[EXERCISE PROMPT] Your job is to copy the lines from the material that include "Drive".

[PROVIDED DATA]
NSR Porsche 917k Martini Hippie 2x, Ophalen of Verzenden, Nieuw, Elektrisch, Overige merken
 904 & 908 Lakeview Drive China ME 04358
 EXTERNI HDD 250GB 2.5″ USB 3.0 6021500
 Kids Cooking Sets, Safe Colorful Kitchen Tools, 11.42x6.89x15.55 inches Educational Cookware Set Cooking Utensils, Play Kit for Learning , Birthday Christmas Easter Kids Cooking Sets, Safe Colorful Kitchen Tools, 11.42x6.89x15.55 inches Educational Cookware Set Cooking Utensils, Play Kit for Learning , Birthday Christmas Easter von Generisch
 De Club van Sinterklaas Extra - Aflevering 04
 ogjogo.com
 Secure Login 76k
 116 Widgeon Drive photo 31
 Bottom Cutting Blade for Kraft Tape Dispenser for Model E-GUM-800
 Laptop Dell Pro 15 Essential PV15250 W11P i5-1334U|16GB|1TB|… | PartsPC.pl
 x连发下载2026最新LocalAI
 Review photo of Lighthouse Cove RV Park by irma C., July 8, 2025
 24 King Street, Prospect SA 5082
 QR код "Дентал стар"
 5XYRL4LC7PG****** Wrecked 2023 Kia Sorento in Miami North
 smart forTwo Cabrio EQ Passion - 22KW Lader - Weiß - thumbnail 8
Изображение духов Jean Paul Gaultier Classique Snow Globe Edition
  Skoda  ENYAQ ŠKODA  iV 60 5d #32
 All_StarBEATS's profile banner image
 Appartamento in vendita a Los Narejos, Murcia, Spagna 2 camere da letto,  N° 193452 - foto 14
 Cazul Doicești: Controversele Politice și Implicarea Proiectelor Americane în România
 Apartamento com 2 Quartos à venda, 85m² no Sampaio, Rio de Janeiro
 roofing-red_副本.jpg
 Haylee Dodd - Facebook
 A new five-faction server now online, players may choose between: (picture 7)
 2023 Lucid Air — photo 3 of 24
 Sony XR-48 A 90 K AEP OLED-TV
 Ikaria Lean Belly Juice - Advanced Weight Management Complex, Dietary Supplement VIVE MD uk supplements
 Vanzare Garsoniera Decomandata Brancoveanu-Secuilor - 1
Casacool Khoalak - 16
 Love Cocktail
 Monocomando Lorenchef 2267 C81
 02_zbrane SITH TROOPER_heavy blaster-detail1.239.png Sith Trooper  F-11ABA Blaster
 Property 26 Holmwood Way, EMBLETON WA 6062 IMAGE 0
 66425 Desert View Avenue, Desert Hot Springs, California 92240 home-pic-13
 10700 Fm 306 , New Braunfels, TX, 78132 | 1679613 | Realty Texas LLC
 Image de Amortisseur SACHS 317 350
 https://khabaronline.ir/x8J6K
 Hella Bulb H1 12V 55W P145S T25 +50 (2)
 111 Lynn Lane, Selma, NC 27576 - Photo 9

[SOLUTION BELOW]
 904 & 908 Lakeview Drive China ME 04358
 116 Widgeon Drive photo 31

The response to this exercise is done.